Design/Metadata
From SF Data Wiki
| Home > Design > Metadata |
Contents |
Metadata
This page discusses the requirements on metadata for incoming data files, how we want to get the meta data, and how we want to process it.
Metadata Requirements At Upload Time
Below are detailed the metadata we need for uploading new files. We'll be adding to the metadata things we need for processing and for the web application.
Provider
This is metadata about the provider of the data. This should only need to be entered once, although it may be updated when the provider changes staff.
Must Have
This is metadata we need to have for all incoming files, otherwise we ought to simply discard them.
- Provider name (unique, long text)
- Provider description (long text)
- Provider contact(s) info (one-to-many) (need at least one contact)
- Name (first/last)
- Email (or phone)
- Phone (or email)
Derived Automatically
We can also collect some information about the provider automatically:
- Provider Created On
- Last Update
- Provider ID (text prefix with autonumber, e.g. MAY3451)
Dataset
Each Provider will have zero to several data "series". A Series is a specific set of data files which are related, generally a time series of files periodically generated from the same source. Generally a series will have a single file format.
Must Have
- Name (long text) (unique with Provider Name)
- Provider (link)
Good To Have
Some additional data about the series. We can incent people to enter this because it will auto-populate most of their file information.
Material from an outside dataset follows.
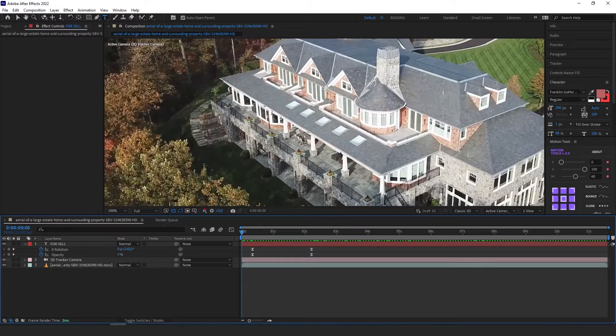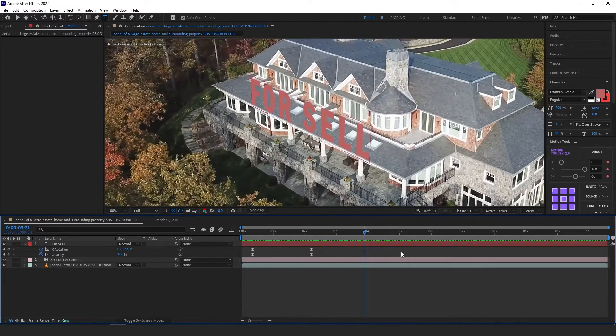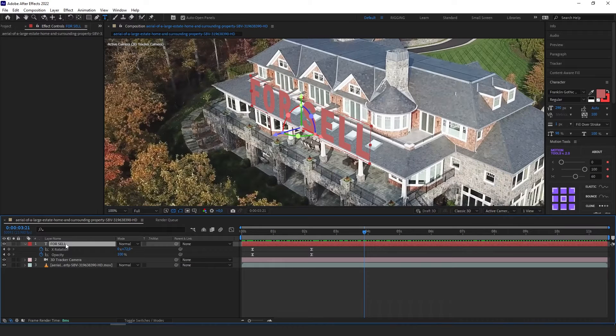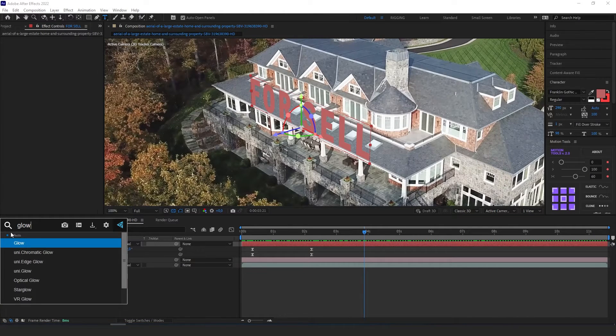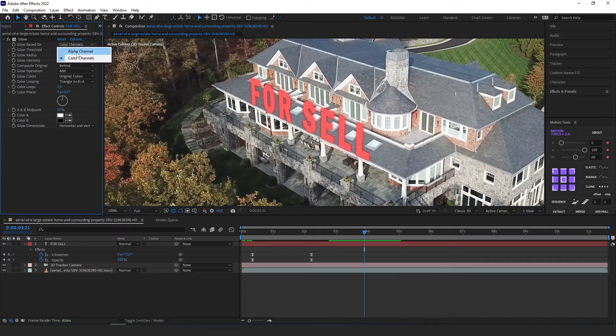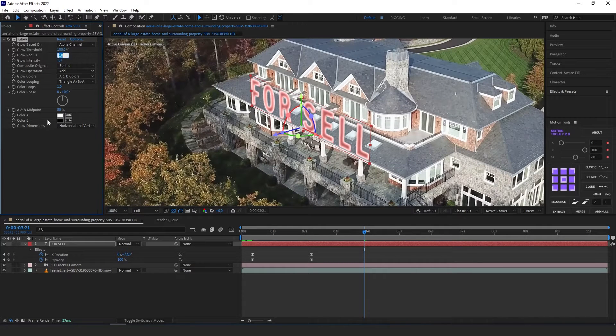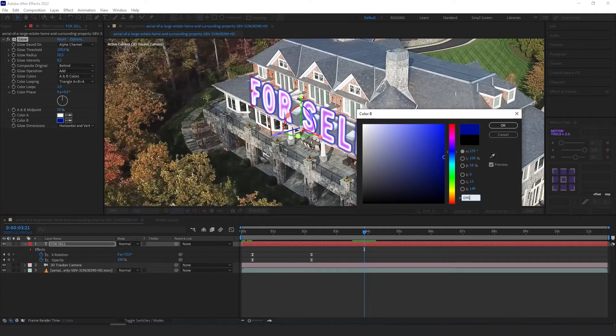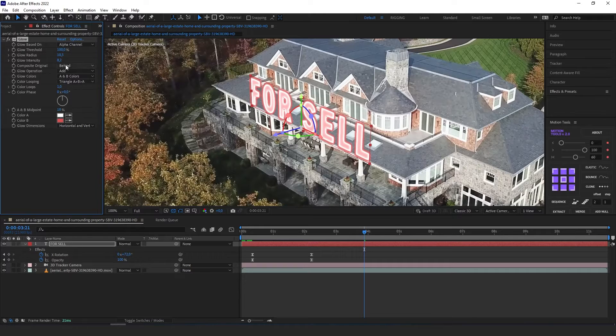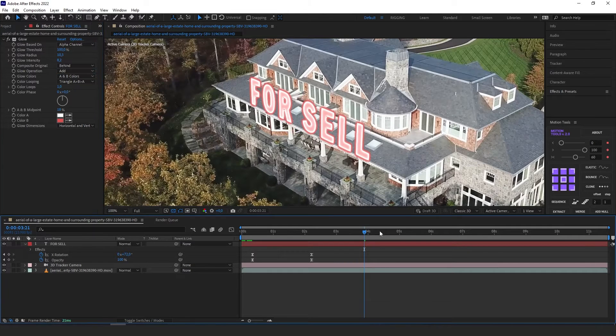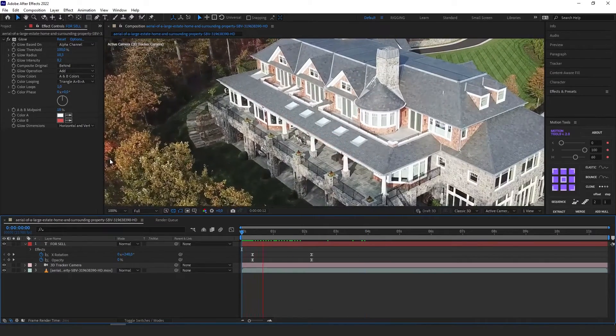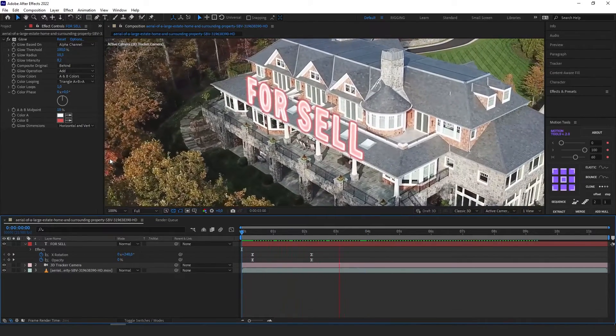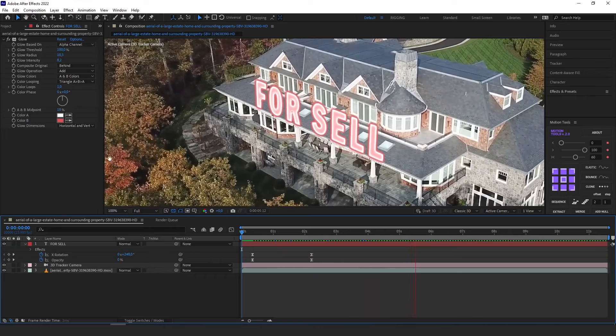But I want to make this text a little glowing. So I'm going to add effect glow. So let's just adjust everything. Check to alpha channel. Okay, I think that it's okay. Let's just see it again. It looks very good.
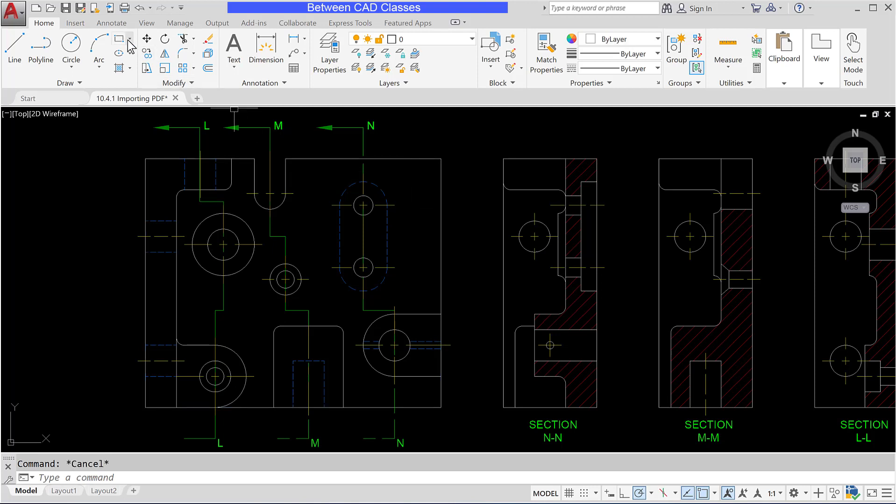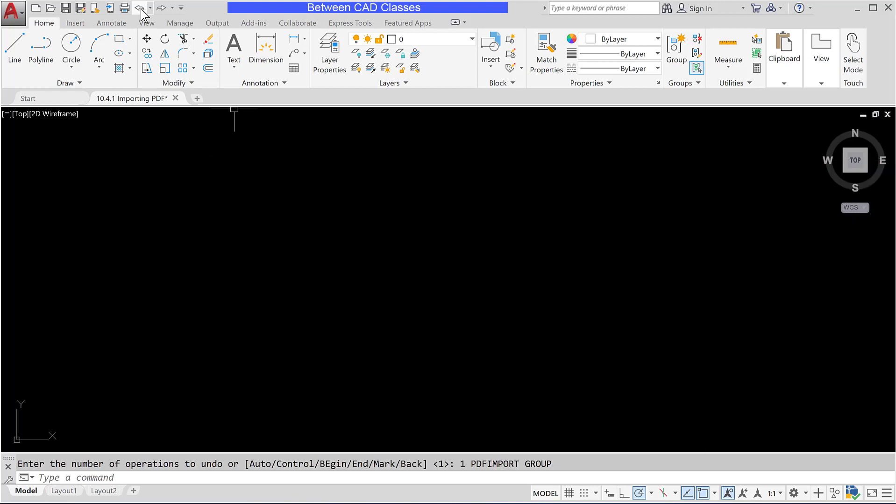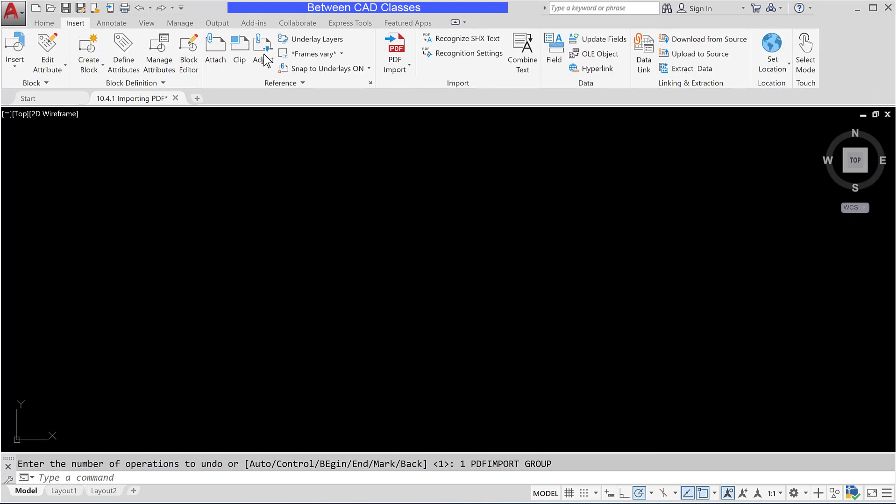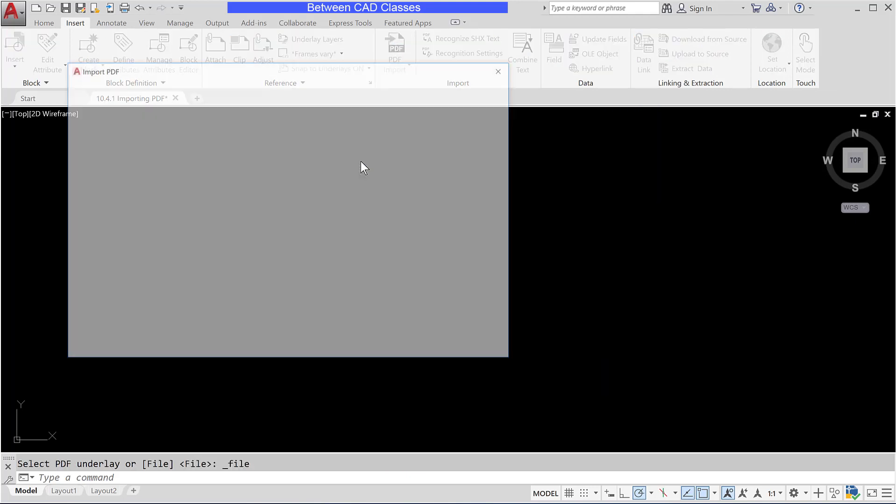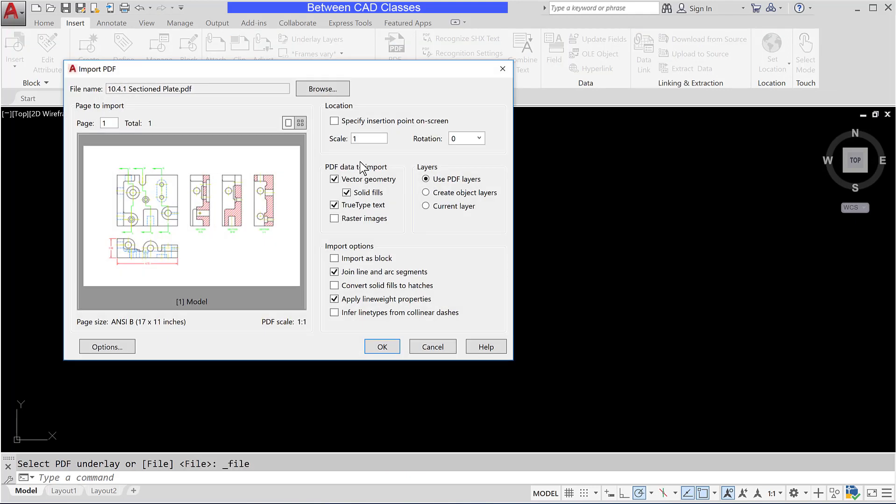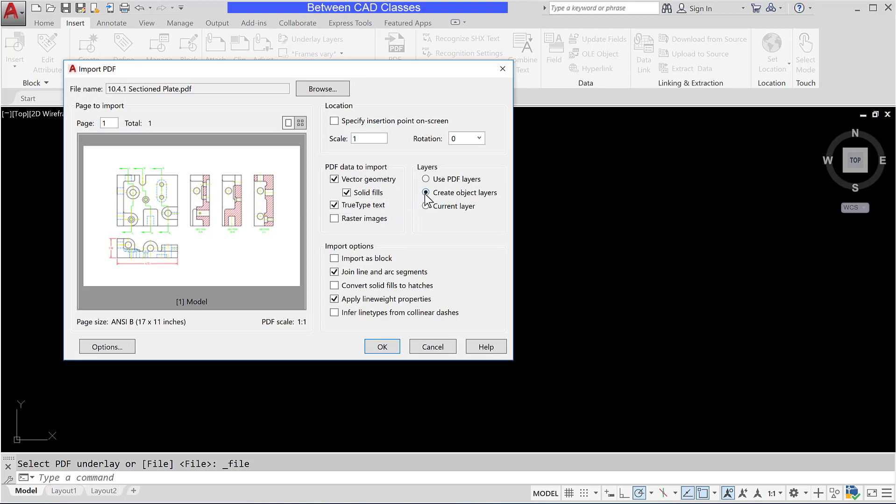Once more I'm going to undo so that we can re-import and see a couple more options. So back to insert then PDF import. Select my PDF here. This time I'm going to choose the create object layers option. This will create different categories of layers.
In some cases, we may be able to derive it from their first files provided.
- First data from: (timestamp)
- File Format: (text) (from list of mime types)
- Data Frequency (interval) (hourly|daily|weekly|biweekly|monthly|quarterly|annually|etc.)
(probably quantity + unit would cover all cases) - Other Data Division (text) (way other than time the files are divided up)
- Series Comment (text, optional)
- File Naming Convention (regex) (template of how files in the series are named. defaults to "starts with")
- Data Maps (zero-to-several) (filenames) (links to one or several files which describe or encode mapping the data)
Automatically Derived
- First data uploaded on: (date)
- Last upload: (date)
- Key: (autonumber combined with prefix text, e.g. PRM1324) (needed for bulk loads)
File
This is metadata about the actual file, to be provided with each uploaded file.
Must Have
This is metadata we need to have for all incoming files, otherwise we ought to simply discard them.
- Dataset/Provider (link)
- Data Format (from list of mime types) (if different from Series)
- Filename (from upload, or load)
Good To Have
This is metadata we would like to have, and plan to ask for, or incoming files. In some cases, this data can be derived from the contents of the file.
- File comment (long text) (optional)
- Data Starts On: (timestamp)
- Data Ends on (timestamp) (allow entry of data period) (derive from Series if possible)
Automatically Derived
We'll also want to record the following:
- File loaded on (timestamp)
- File size (numeric)
- Processing info (TBD)
Metadata Methods
How will we get this metadata?
Web Upload
This is the most direct one. Users using the file-at-a-time web upload interface will fill out a webform, which will request the data. To make things easy for users, form fields will autofill based on Provider or Series information, or on their last upload.
Bulk FTP Upload
For users wanting a more mass upload interface would upload a series of files to an FTP folder. This would be accompanied by a metadata file in either CSV or XML format. For the former, we could distribute an Excel/OOo template for the CSV file.
The reason for the composite IDs for Series and Providers is to enable using them in the metadata files.
Derived From Contents
Some metadata could be derived from the actual file contents. For example, if you have a column which contains a date timestamp, date range could be derived. But we'd need a mechanism to arrange per file.
Metadata Storage
How do we keep this metadata? How do we connect it to data files?